Large AWS organization faces many security challenges like granular permissions, encryption, network, compliance… One of them is the monitoring. This article provides a comprehensive solution for monitoring and detecting risky activities in an AWS environment.
Solution overview
This solution take place in an AWS Organization with a master account and a dedicated security account. It leverages Cloudtrail, Athena and Lambda.
Centralized Cloudtrail logs storage
The first step in this solution is to configure CloudTrail to collect activity logs. Centralizing logs in an S3 bucket is essential for easy and efficient management.
Cloudtrail trail
In the master account, create an "Organization trail" with this settings:
- Apply trail to my organization: Enabled for all accounts
- Multi-region: yes
- Trail log location: centralized S3 bucket name
- Log file validation: enabled
- Log file SSE-KMS encryption: disable (encryption is done by S3)

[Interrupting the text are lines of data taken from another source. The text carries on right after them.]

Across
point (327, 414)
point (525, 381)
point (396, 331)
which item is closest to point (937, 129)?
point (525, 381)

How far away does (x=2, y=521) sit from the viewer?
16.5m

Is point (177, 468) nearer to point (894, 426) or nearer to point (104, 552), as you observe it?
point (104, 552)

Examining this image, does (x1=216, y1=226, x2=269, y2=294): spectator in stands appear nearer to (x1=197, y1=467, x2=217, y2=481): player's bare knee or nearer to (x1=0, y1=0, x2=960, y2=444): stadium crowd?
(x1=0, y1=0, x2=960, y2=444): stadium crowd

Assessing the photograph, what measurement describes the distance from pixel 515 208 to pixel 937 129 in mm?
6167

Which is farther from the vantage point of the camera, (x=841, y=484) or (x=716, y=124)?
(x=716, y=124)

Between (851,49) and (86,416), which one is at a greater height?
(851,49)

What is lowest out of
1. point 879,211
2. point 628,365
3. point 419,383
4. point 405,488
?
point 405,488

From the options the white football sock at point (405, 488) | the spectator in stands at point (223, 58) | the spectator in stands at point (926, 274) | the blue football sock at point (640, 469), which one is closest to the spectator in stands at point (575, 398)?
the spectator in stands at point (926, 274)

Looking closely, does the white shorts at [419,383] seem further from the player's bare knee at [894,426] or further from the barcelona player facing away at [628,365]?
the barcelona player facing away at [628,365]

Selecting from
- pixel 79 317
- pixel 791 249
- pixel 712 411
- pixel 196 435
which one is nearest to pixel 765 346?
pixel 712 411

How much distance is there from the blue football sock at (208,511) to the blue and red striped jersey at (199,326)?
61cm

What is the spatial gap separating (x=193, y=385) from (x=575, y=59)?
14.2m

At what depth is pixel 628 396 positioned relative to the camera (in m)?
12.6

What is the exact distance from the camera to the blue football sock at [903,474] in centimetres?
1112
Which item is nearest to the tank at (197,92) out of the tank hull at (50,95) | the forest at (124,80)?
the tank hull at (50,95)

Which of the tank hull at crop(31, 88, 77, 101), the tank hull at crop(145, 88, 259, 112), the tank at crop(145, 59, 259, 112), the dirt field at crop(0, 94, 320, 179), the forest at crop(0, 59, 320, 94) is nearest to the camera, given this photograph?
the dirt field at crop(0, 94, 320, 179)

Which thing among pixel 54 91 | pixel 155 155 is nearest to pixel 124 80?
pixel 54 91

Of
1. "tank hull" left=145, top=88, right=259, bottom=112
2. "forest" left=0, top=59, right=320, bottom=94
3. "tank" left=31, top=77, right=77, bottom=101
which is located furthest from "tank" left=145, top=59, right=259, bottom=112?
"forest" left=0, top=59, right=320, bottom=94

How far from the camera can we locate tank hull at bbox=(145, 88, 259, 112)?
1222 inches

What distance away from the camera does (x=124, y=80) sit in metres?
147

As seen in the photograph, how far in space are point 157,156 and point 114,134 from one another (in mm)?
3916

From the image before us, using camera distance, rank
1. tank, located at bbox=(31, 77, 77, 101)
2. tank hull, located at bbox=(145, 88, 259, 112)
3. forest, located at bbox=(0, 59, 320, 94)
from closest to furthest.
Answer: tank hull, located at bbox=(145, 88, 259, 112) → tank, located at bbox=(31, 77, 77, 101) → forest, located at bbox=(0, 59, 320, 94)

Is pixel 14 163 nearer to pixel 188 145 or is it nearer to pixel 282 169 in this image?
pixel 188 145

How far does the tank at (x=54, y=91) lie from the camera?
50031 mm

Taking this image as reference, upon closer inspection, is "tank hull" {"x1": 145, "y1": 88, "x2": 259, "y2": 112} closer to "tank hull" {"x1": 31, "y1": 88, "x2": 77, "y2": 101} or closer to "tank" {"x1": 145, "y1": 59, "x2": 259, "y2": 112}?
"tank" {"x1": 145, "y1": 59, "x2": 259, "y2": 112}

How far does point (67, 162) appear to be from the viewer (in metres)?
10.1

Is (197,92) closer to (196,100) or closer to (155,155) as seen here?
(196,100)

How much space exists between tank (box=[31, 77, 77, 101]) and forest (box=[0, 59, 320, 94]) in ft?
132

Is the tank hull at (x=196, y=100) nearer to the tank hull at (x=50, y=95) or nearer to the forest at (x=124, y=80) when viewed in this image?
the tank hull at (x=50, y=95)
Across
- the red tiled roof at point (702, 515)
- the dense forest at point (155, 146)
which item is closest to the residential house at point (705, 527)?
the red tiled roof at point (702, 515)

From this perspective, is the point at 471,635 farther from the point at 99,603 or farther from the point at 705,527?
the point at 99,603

- Event type: Management events
- API activity: Read & Write
Be careful of enabling data events. If you have workloads with intensive use of S3, you may end with a tremendous amount of logs. It would have a cost impact.
S3 Bucket
In the security account, create a bucket with SSE encryption enable. Edit the bucket policy to allow Cloudtrail to push log files. Template:
{
"Version": "2012-10-17",
"Statement": [
{
"Sid": "AWSCloudTrailAclCheck20150319",
"Effect": "Allow",
"Principal": {
"Service": [
"cloudtrail.amazonaws.com"
]
},
"Action": "s3:GetBucketAcl",
"Resource": "arn:aws:s3:::[BUCKET_NAME]",
"Condition": {
"StringEquals": {
"aws:SourceArn": "arn:aws:cloudtrail:[REGION]:[SECURITY_ACCOUNT_ID]:trail/[TRAIL_NAME]"
}
}
},
{
"Sid": "AWSCloudTrailWrite20150319",
"Effect": "Allow",
"Principal": {
"Service": [
"cloudtrail.amazonaws.com"
]
},
"Action": "s3:PutObject",
"Resource": "arn:aws:s3:::[BUCKET_NAME]/AWSLogs/[SECURITY_ACCOUNT_ID]/*",
"Condition": {
"StringEquals": {
"s3:x-amz-acl": "bucket-owner-full-control",
"aws:SourceArn": "arn:aws:cloudtrail:[REGION]:[SECURITY_ACCOUNT_ID]:trail/[TRAIL_NAME]"
}
}
},
{
"Sid": "AWSCloudTrailOrganizationWrite20150319",
"Effect": "Allow",
"Principal": {
"Service": [
"cloudtrail.amazonaws.com"
]
},
"Action": "s3:PutObject",
"Resource": "arn:aws:s3:::[BUCKET_NAME]/AWSLogs/[ORGANIZATION_ID]/*",
"Condition": {
"StringEquals": {
"s3:x-amz-acl": "bucket-owner-full-control",
"aws:SourceArn": "arn:aws:cloudtrail:[REGION]:[SECURITY_ACCOUNT_ID]:trail/[TRAIL_NAME]"
}
}
}
]
}
For finops and compliance, we recommend to create a lifecycle policy to move S3 object to cheaper storage class and delete too old logs.
Logs analysis
Athena plays a central role in this solution by allowing SQL querying of logs stored in S3.
Table creation
To optimize cost and performance, we leverage partitioning as the logs are stored using this pattern: "[BUCKET_NAME]/AWSLogs/[ORGANIZATION_ID]/[ACCOUNT_ID]/CloudTrail/[REGION]/[YYYY]/[MM]/[DD]".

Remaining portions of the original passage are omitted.